Dressed in fabrics bearing the effigy of the deceased prelate, men and women of all ages wept as the coffin passed by and as they came to paid their last respects.

As the farewell mass drew to a close, the governor of Kinshasa, Gentiny Ngobila, spoke of it as “a painful moment”

“Death has taken away a monument that Kinshasa and the DRC still needed (…), a fatherly figure, a vigilant and fearless guardian of the truth,” he added, filled with emotion.

Carried by eight priests, the coffin of the cardinal was reintroduced into the hearse by a band, to the rhythm of a Marian hymn sung in chorus by the crowd. The procession then headed to the morgue of St. Joseph’s Hospital in Limete in central Kinshasa.

A man of God and a man of the people

In addition to his high rank in the clergy, Laurent Monsengwo Pasinya was a man of the people, very involved in the socio-political affairs of his country. Even if his positions were criticized by politicians during his lifetime, the cardinal never silenced his critical spirit towards the different regimes that succeeded one another in the DRC. He is also the author of the Laurent Monsengwo Scholarship which helps needy Congolese students every year.

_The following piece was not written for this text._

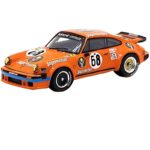 Tarmac 1/64 porsche 934 #68 24h le mans 1978, orange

Elevated to the rank of priest in 1963 and bishop in 1980 by Pope John Paul II in Kinshasa, then cardinal by Benedict XVI in 2010, Monsengwo was able to put his religious reputation at the service of others.

Pope Francis paid a heartfelt tribute to the deceased, who was for a time one of his close advisors, noting the “courage” and “significant contribution” of a “man who loved justice, peace and unity”.

For the Pontiff, Cardinal Laurent Monsengwo was an “exegete”, a “man of science” and a “great spiritual man (…) attentive to the needs of the faithful, filled with courage and determination”.

Before his burial, scheduled for July 21, a final Mass will be said at the Notre Dame Cathedral. The Eucharist is scheduled for the same day at the esplanade of the People’s Palace.